As perspectivas de trabalho são outro ponto que merece atenção. Com o aumento dos postos de trabalho por contrato, sem carteira assinada, tornam-se menos visíveis as conexões entre a formação acadêmica, o título conferido pelo diploma e a colocação no mercado. Essa diferença (ou ausência) de vínculo, descolada de um plano de carreira, pode levar os jovens a verem o Ensino Superior como algo não mais necessário para uma boa colocação. 

“Dentre esses jobs, muitos são relacionados a novas tecnologias ou áreas de especialização, empreendedorismo, que não são tão evidentemente relacionadas com a formação acadêmica tradicional, outro fator que pode pesar na percepção dos jovens sobre o valor da educação superior”, cogita Bernardo Miorando.

O papel da escola

Neste contexto, ainda que não haja uma receita, o que a escola pode fazer é abrir o horizonte do aluno. “Mostrar as várias oportunidades que ele tem para a vida é importante. Assim como tem importância as universidades mostrarem para as escolas o que oferecem de possibilidades, para que elas mostrem aos estudantes”, exemplifica Sérgio Franco.

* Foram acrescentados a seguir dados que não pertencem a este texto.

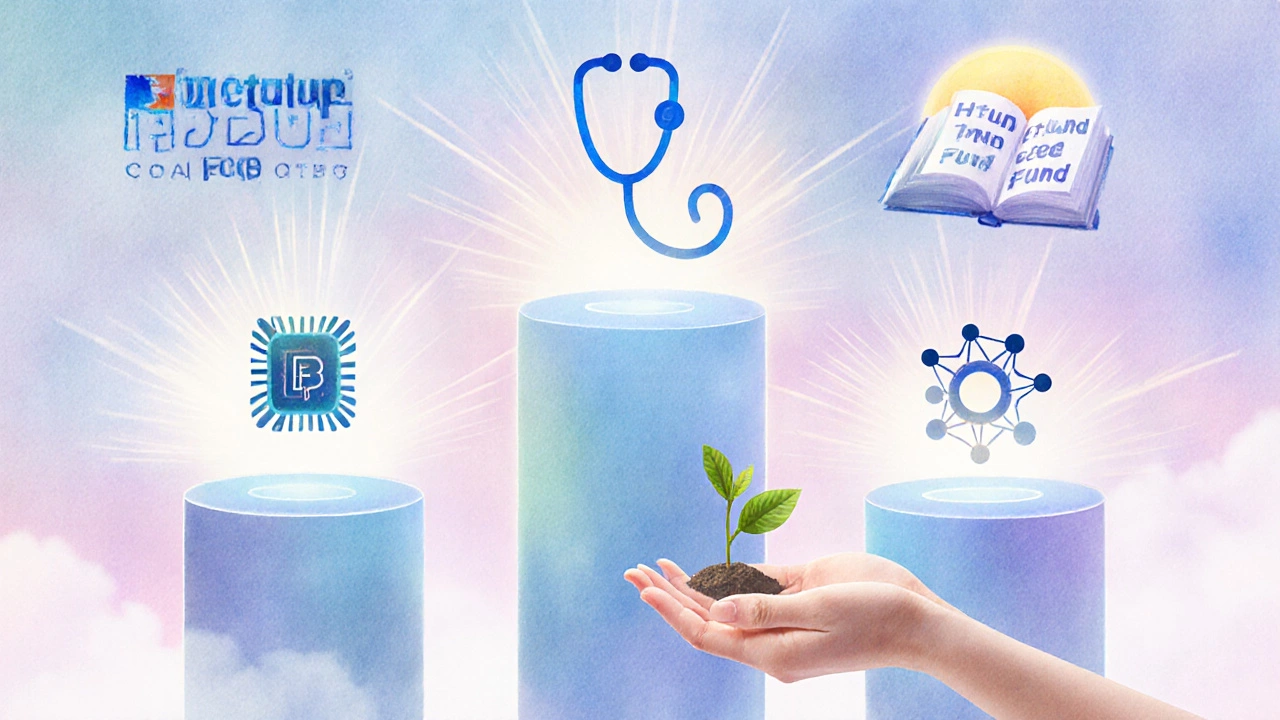 Three glowing pillars symbolize fintech, health‑tech, and AI, with a seed and book for government schemes.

No entendimento do pesquisador, se o corpo docente é engajado, precisa fazer pouco para demonstrar os caminhos possíveis. Se está defasado, no entanto, tem que fazer uma coisa um pouco mais organizada para chegar nisso. “É todo um ecossistema. O que cada vez mais estou convicto é que nada tem apenas uma causa principal. Muitas ações precisam ser feitas”, defende.

Em termos mais práticos, estar alinhado com as demandas no novo mundo do trabalho e as pautas das gerações mais novas pode ser um caminho. Miorando lembra que a responsabilidade socioambiental tende a entrar nesse rol, assim como tudo que estiver ligado a desenvolvimento sustentável, agenda da Organização das Nações Unidas (ONU) e o desenvolvimento de competências socioemocionais.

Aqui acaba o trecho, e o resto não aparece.